15. Perdonar a sus enemigos es pedir perdón para si mismo; perdonar a sus
amigos es darles una prueba de amistad; perdonar las ofensas es reconocer que uno se
vuelve mejor. Perdonad, pues, amigos míos, a fin de que Dios os perdone, porque sois
duros, exigentes, inflexibles, y si además tenéis rigor por una ligera ofensa, ¿cómo
queréis que Dios olvide, cuando todos los días tenéis gran necesidad de indulgencia?

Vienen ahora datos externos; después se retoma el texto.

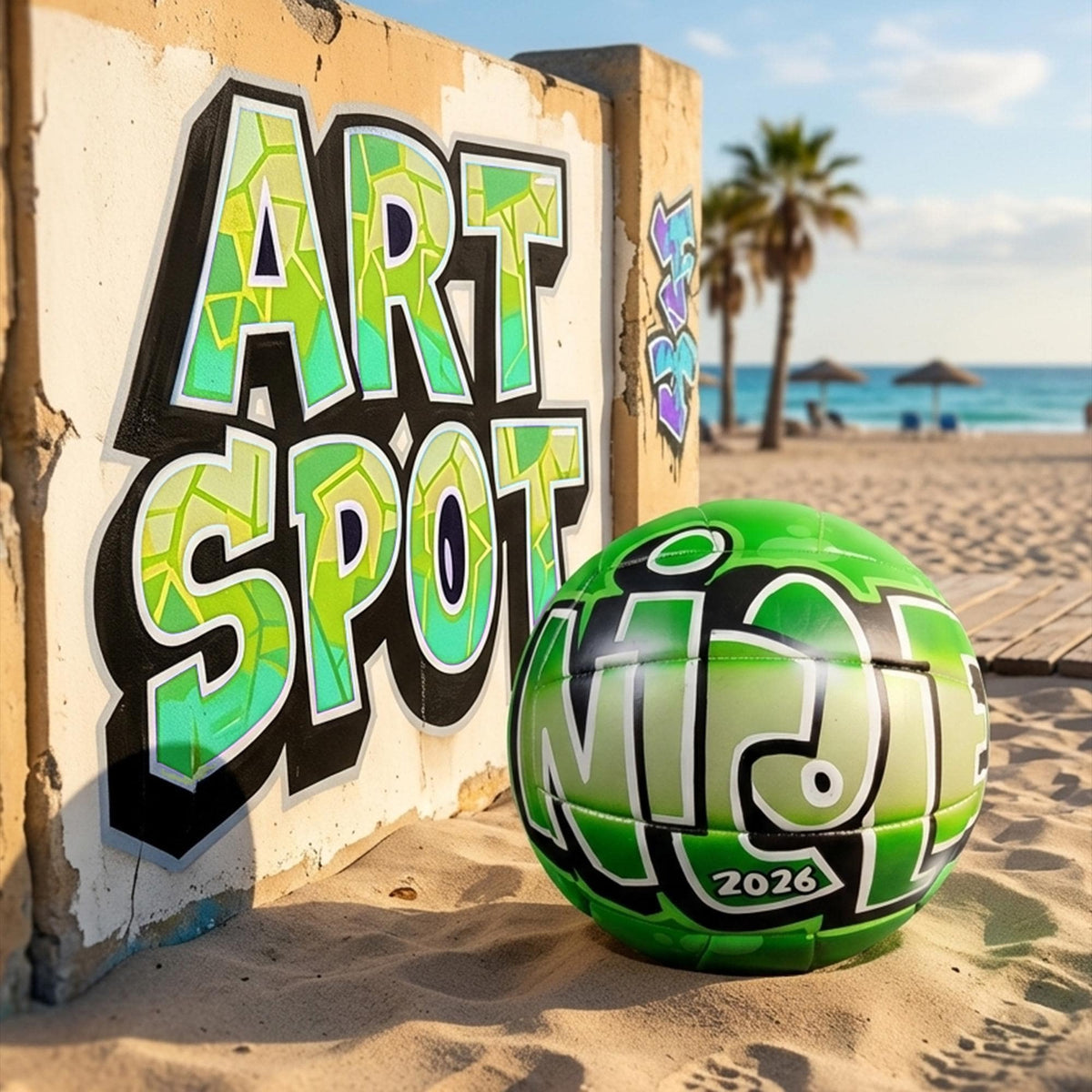 a green soccer ball with the word "Nicole" painted on it, placed on a sandy beach with palm trees and a clear blue sky in the background and a sign saying Art Spot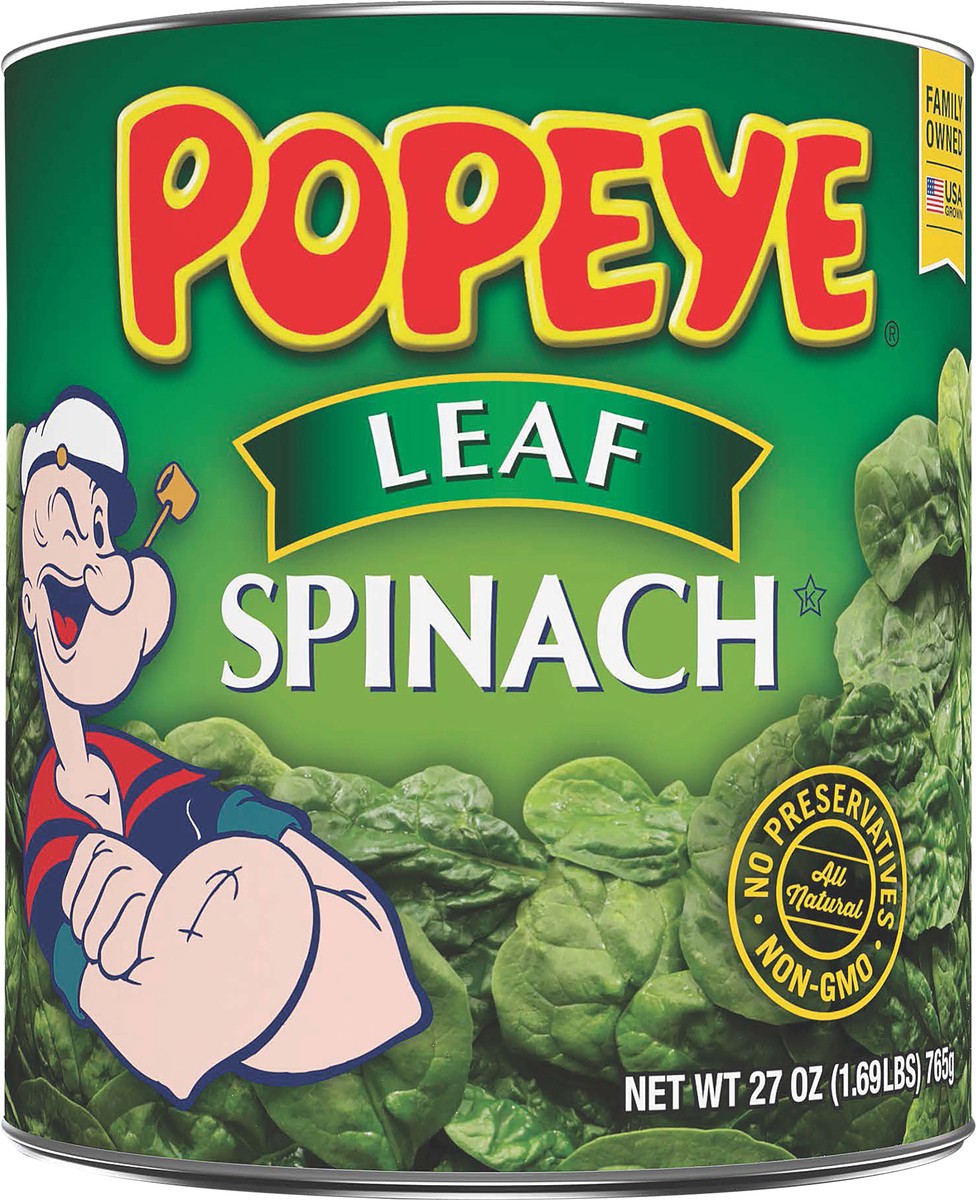 slide 5 of 5, Popeye Leaf Spinach - 27 oz, 27 oz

¡Oh! desgraciado aquel que dice: "Yo no perdonaré nunca", porque pronuncia su propia
condenación. ¿Quién sabe, además, si descendiendo en tí mismo, no has sido tú el
agresor? ¿Quién sabe, si en esa lucha que empieza por un alfilerazo y concluye por un
rompimiento, tú empezaste por dar el primer golpe? ¿Si tal vez te ha escapado una
palabra ofensiva? ¿Si no has usado de toda la moderación necesaria? Sin duda tu
adversario no tiene razón en manifestarse demasiado susceptible, pero esto es una razón
para que seas indulgente, y no merezca los reproches que le diriges. Admitamos que tú
hayas sido realmente el ofendido en alguna circunstancia; ¿quién te dice que tú mismo no hayas envenenado el asunto con
las represalias, y que hayas hecho degenerar en querella formal lo que fácilmente hubiera
podido quedar en olvido? Si dependía de ti el impedir las consecuencias, y no lo has
hecho, eres culpable. Admitamos, en fin, que no tengas ningún cargo que hacerte;
entonces tendrás mucho más mérito eu demostrate clemente.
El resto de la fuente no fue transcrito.